Given material

::::::::::

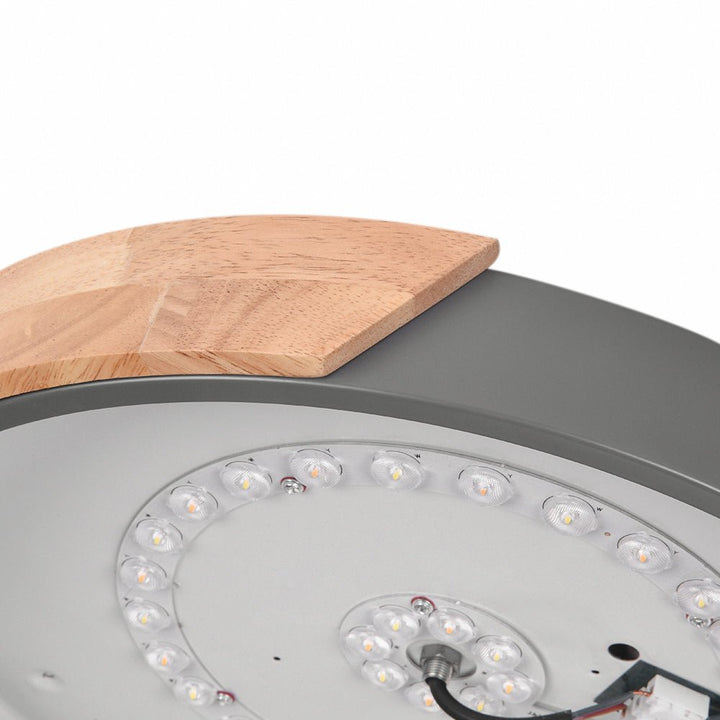 Montura LED de techo redonda con acento de madera natural, regulable, ilumina espacios modernos y acogedores.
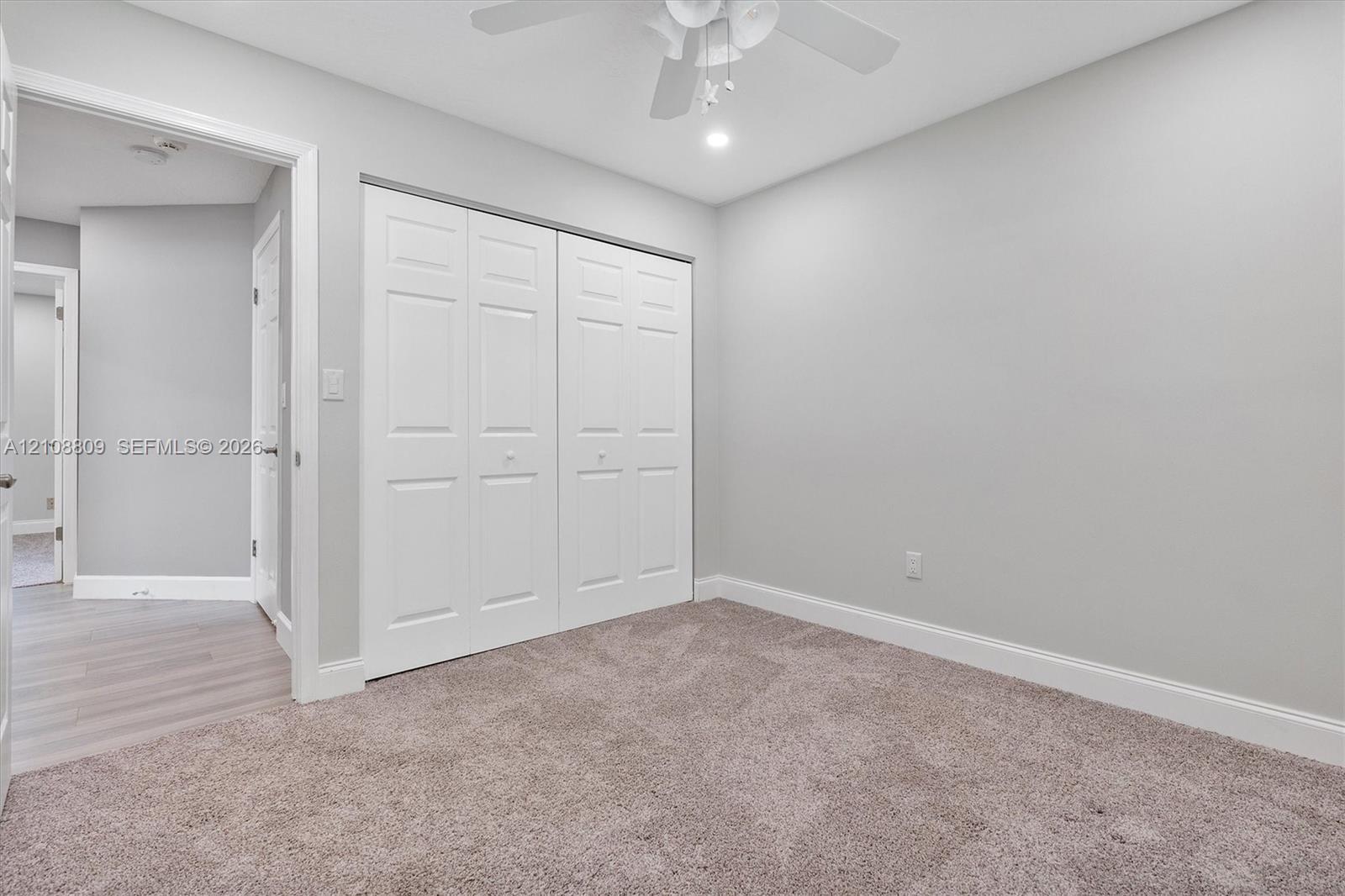 Neutral-toned wall paint, plush carpeting, ceiling fan with integrated lighting, and double-panel closet doors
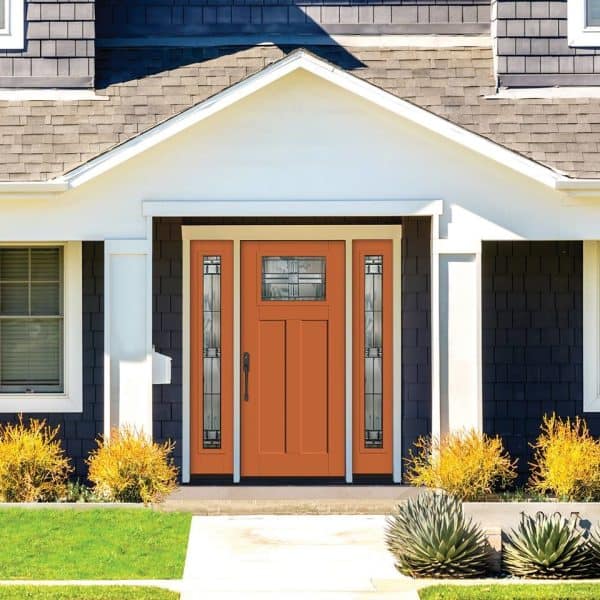 this therma-tru orange front door features unique glass panels to evoke an artistic look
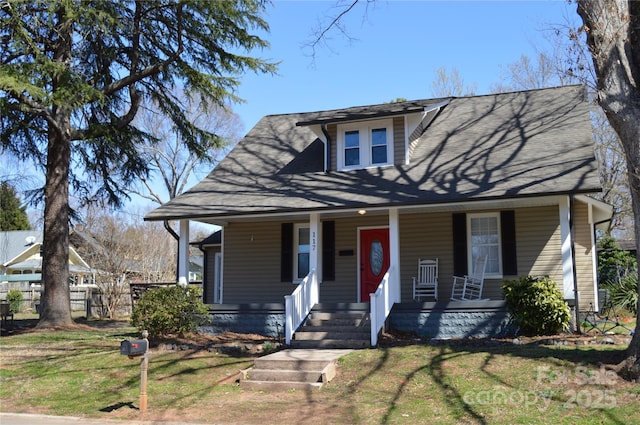 view of front of home with a front yard, fence, and covered porch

::::::::::

What needs to be done
Leave every image out, and retype the material exactly.

Solution to this task
 Montura LED de techo redonda con acento de madera natural, regulable, ilumina espacios modernos y acogedores.
 Neutral-toned wall paint, plush carpeting, ceiling fan with integrated lighting, and double-panel closet doors
 this therma-tru orange front door features unique glass panels to evoke an artistic look
 view of front of home with a front yard, fence, and covered porch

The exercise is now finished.